The Mountain Goat Gallery

Hermitage Point: Great Views of Mt. Moran and Jackson Lake

Posted by Jim Steele on June 11th, 2008 filed in Grand Teton National Park

The Hermitage Point loop near Colter Bay offers just about everything you could ask for in a hiking adventure – spectacular views of Mount Moran and Jackson Lake, the chance to see both birds and mammals, a variety of vegetation, a couple of lakes, and a cool backcountry campsite.

Mount Moran casts a reflection in Heron Pond on July 8, 2006.

The hike isn’t even that difficult. If you do the full loop, you’ll clock in at just under 10 miles, but it’s flat the majority of the way, as you spend much of the hike close to the shore of Jackson Lake.

This area is popular for hiking and horseback riding. In the winter, you can ski out to Hermitage Point, although you’ll probably be blazing your own trail for part of your journey.

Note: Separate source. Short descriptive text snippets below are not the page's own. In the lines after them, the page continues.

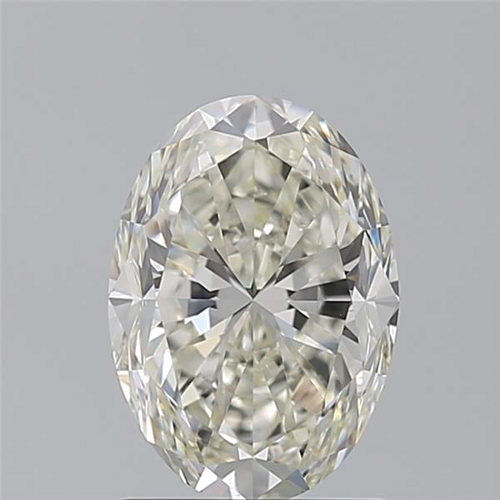 1.7 carat J-VVS2 Natūralus Oval Deimantas (1)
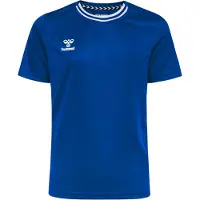 Hummel T-Shirt fonctionnel bleu cobalt / blanc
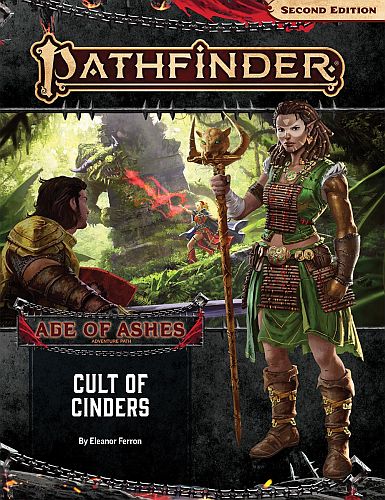 Pathfinder    145 2e Age   Ashes    : Cult   Cinders  Pzo90146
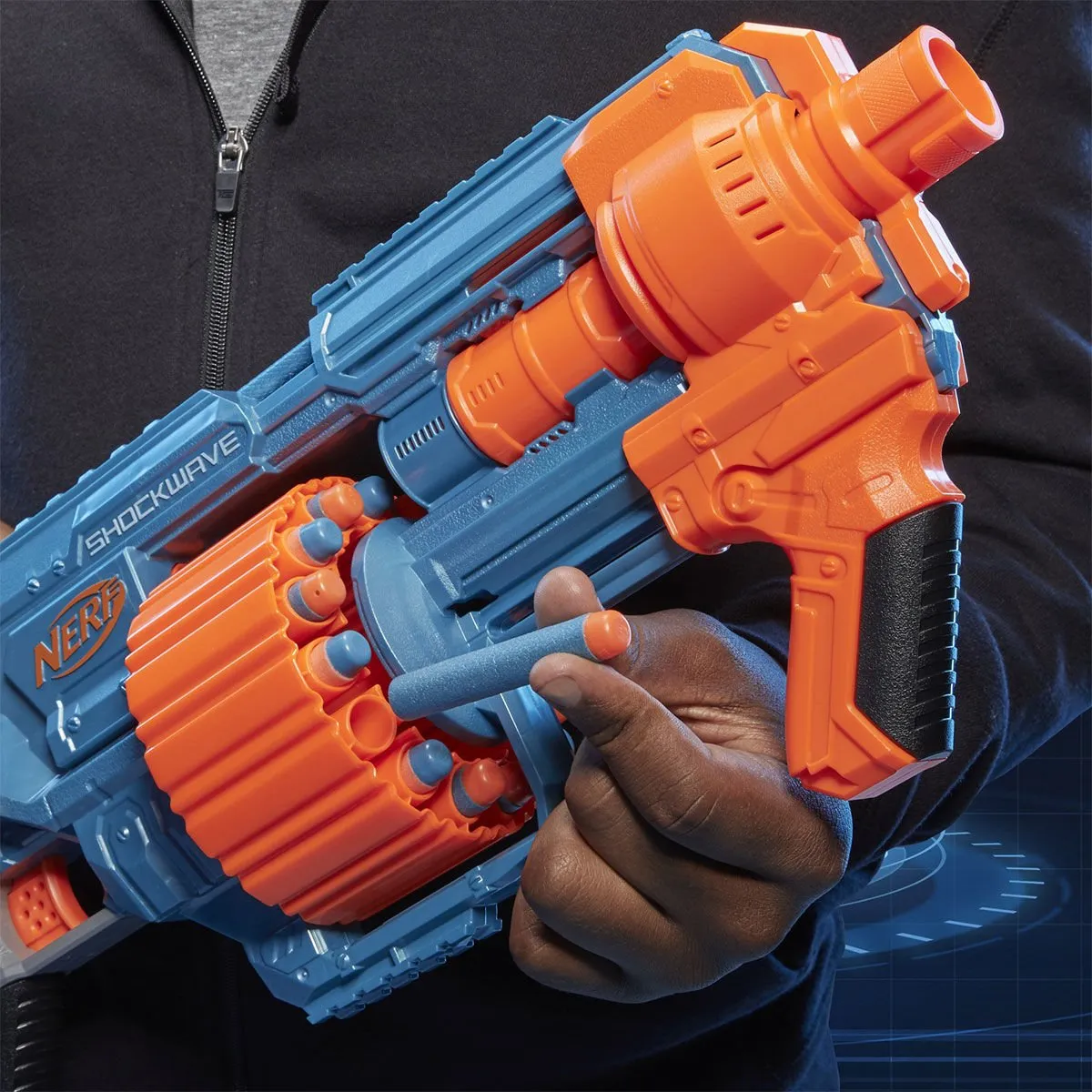 Nerf Elite 2.0 Shockwave RD-15 +8 Yaş — görsel 3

The trail network is almost grid-like, so there are plenty of loop options. This hike is a great introduction to the Tetons for your out-of-town friends, since it’s flat, has several options for shortening the trip, and is incredibly scenic. Don’t forget your camera. I have taken some incredible pictures while on this hike, both in the winter and the summer.

Mount Moran rises over Jackson Lake near Colter Bay late in the day on February 16, 2008.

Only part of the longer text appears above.